Bei der großen Abschlußveranstaltung im Berlinale Palast wurden die Preise verliehen. Darunter der Dokumentarfilmpreis für Ruth Beckermann (Waldheims Walzer)
Am Samstag wurden nach neun Tagen Festival schließlich die Preise von den verschiedenen Jurys verliehen. Für Österreich besteht Grund zur Freude, der exzellente Dokumentarfilm von Ruth Beckermann, „Waldheims Walzer“, konnte den „Glashütte Original – Dokumentarfilmpreis“ verbuchen. Beckermann hatte bereits im Vorfeld mehrmals gewarnt, dass dieser Film sich auch als Warnung gegen den neu aufkeimenden Populismus verstehe, sowohl in Österreich als auch im Ausland.

Den Goldenen Bären konnte diesmal der rumänische Experimentalfilm „Touch Me Not“ verbuchen. Eine etwas unverständliche Entscheidung. Zwar hatte Jurypräsident Tom Tykwer gesagt, er suche nach neuen aufregenden Filmen, und als Begründung wurde auch genannt, dass der Film zeige was Kino noch werden könne, unterm Strich war der Film aber einfach nicht gut genug um diesen Preis zu bekommen. Viele Aspekte waren zu banal, die Verbindung der Handlungsaspekte etwas bizarr, der SM-Szenen etwas zu pseudo-provokativ. Intimität kann auch anders porträtiert werden. „Touch Me Not“ wäre eher ein „Alfred Bauer Preis“ Kandidat gewesen, da dieser ja neue Perspektiven eröffnen soll.
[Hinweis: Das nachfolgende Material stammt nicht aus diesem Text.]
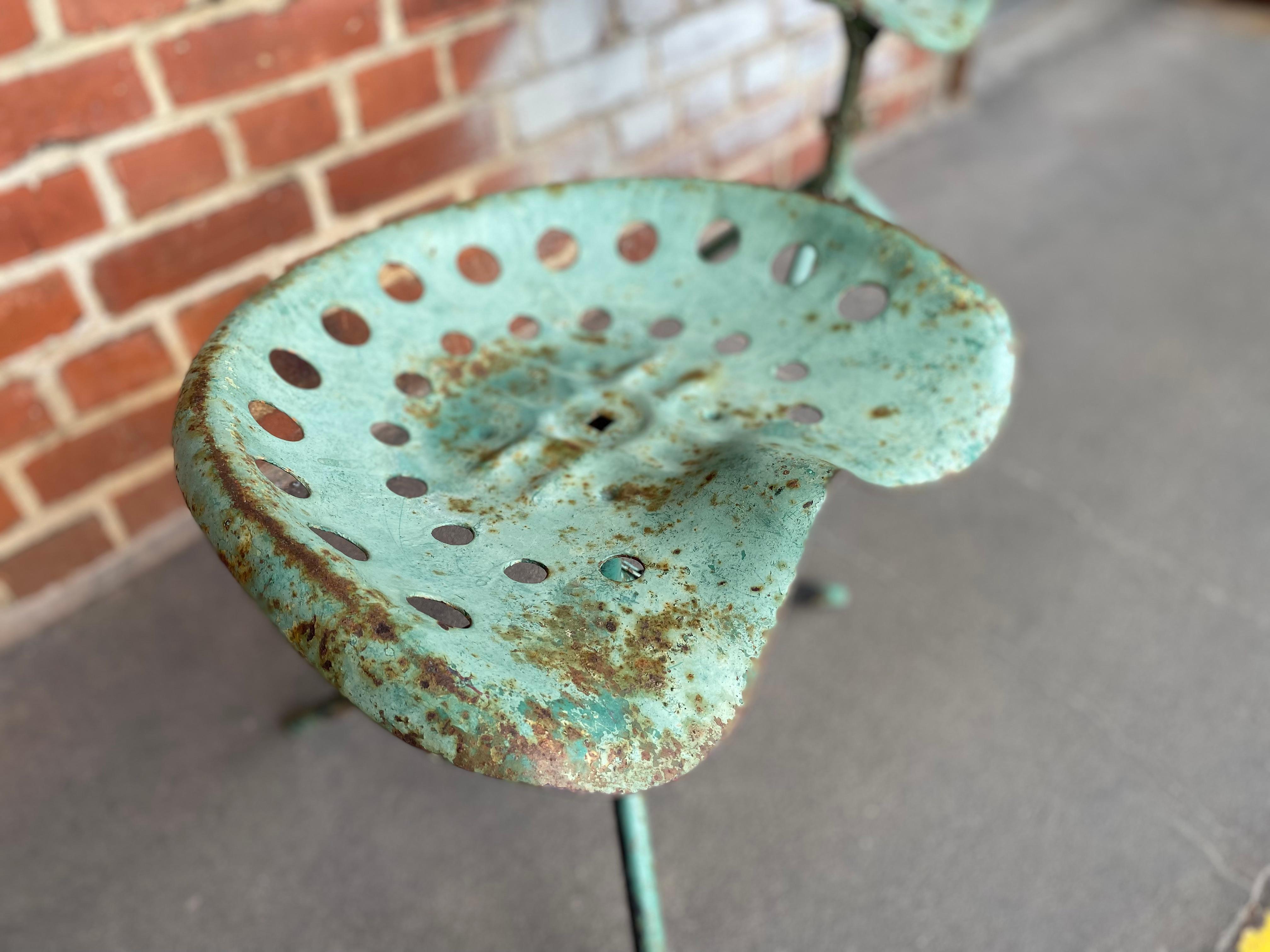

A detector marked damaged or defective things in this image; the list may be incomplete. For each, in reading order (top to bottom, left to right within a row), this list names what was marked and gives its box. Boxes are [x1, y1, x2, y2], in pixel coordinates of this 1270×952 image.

chipped green paint [174, 179, 1016, 797]
rusty metal surface [174, 180, 1016, 797]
Diesen gewann ebenso überraschen der paraguayische Film „Las herederas - The Heiresses“. Der Film wirft zwar ein Licht auf das Leben in Asunción nach dem Staatsstreich 2012, bietet aber auch wenig Ungewöhnliches. Südamerikanische Film setzen sich häufig mit den problematischen politischen Zuständen vor Ort auseinander, auch ein lesbisches Paar als Protagonisten zu haben ist nur bedingt radikal neu. Der einzige ungewöhnliche Aspekt der Geschichte ist die Tatsache, dass ausschließlich Frauen Rollen in dem Film haben.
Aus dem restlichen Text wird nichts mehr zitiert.